Paracale, officially the Municipality of Paracale (), is a 3rd class municipality in the province of Camarines Norte, Philippines. According to the 2020 census, it has a population of 60,198 people.

Paracle’s economy is driven by agriculture and small scale, often informal gold mining and gold ore processing. Rice, corn, coconut and root crops and vegetables are the major agricultural products. Being a coastal community with a number of historical sites and providing boat access to Calaguas Group of Islands it also has some claim as a tourist destination.

History

Paracale was an active fishing and small scale mining community prior to the Spanish colonial period. In 1572, attracted by news of gold deposits, Juan de Salcedo petitioned to search for mines in the Bicol region. Arriving by boat from the North, Salcedo’s expedition found mining operations at Paracale, but was forced to retreat due to sickness and lack of provisions. A more permanent settlement and mission post was established by Franciscan friars in 1581. It was established as a town in 1611. However, the mission was abandoned in 1634, reestablished by the Franciscans in 1638, but was abandoned again in 1662. In 1687, the Franciscan missionaries returned to their mission.

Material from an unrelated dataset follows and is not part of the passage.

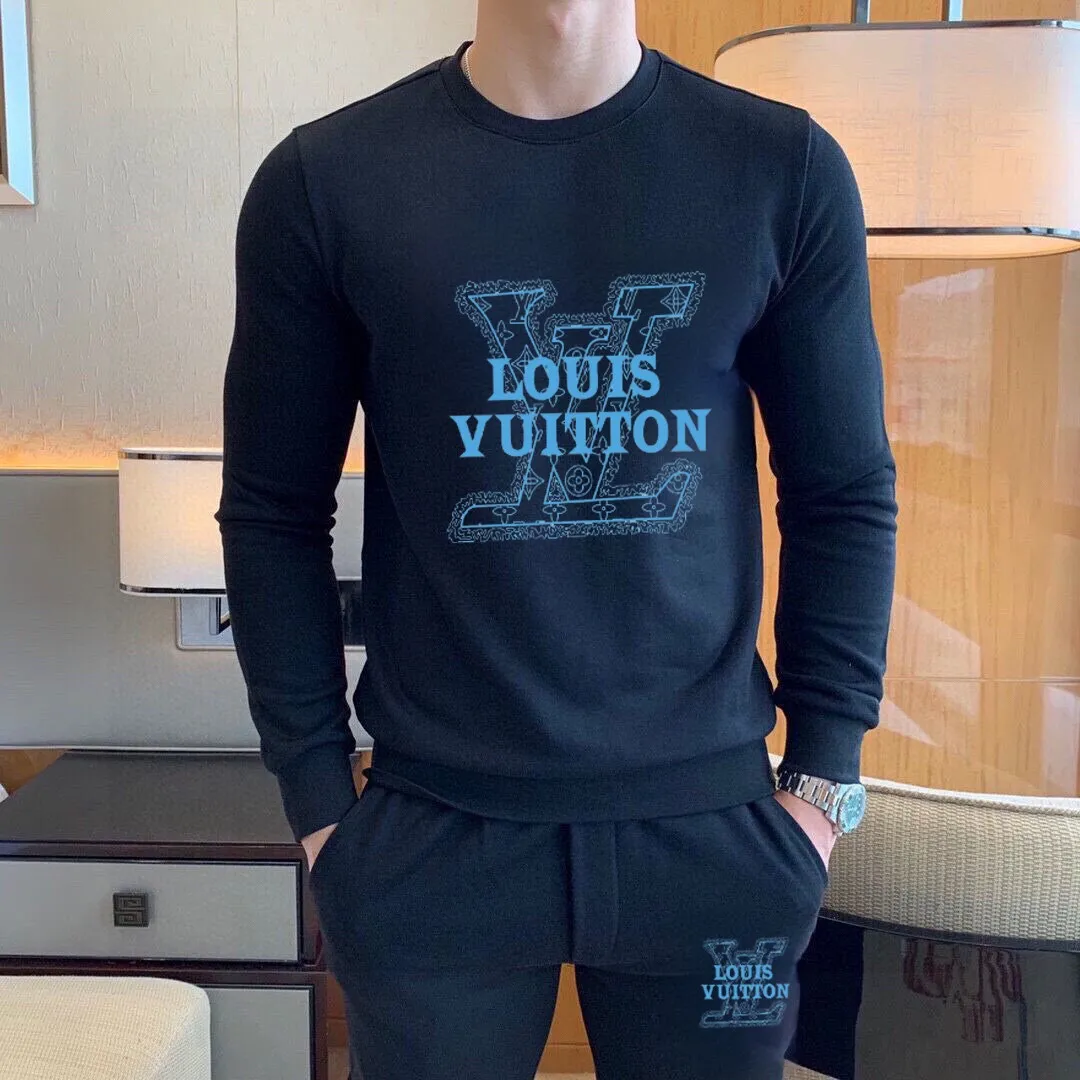 🅿️380 direct batch [LV Louis Vuitton] (Fat Man Gospel) hot-selling suit is coming. Focus on the original version of the official website. 2025 new hot-selling sweatshirt suit. The original order is the best. 🇭🇰The meticulous work of top designers. Just for a fitting and perfect upper body effect. 100% natural high-quality Roman cotton, close-fitting comfort, noble and elegant! Original hardware embodies elegance and nobility! Counter size: M-5XL (maximum wear up to 220 pounds)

In 1863, Paracale was then formally established as a town. Seventeen years later, the Franciscans returned to Paracale to reestablish church administration.

Gold mining

The town's name was derived from para cale, meaning “canal digger.”

Small scale mining in Camarines Norte pre dates the Spanish colonial period, but the region came to prominence in 1626 when a sizable gold deposit was identified close to the current location of Paracale town. Spaniards employed local labour to extract gold-bearing gravel from adjacent rivers and streams, although mining operations were described as intermittent, small in scale and rarely profitable due to frequent flooding, in 1688 it was recorded that miners in Paracale were paid three reals per week plus food for extraction of gold ore.

During the period of American colonial rule dredges were used to mine primary lode deposits.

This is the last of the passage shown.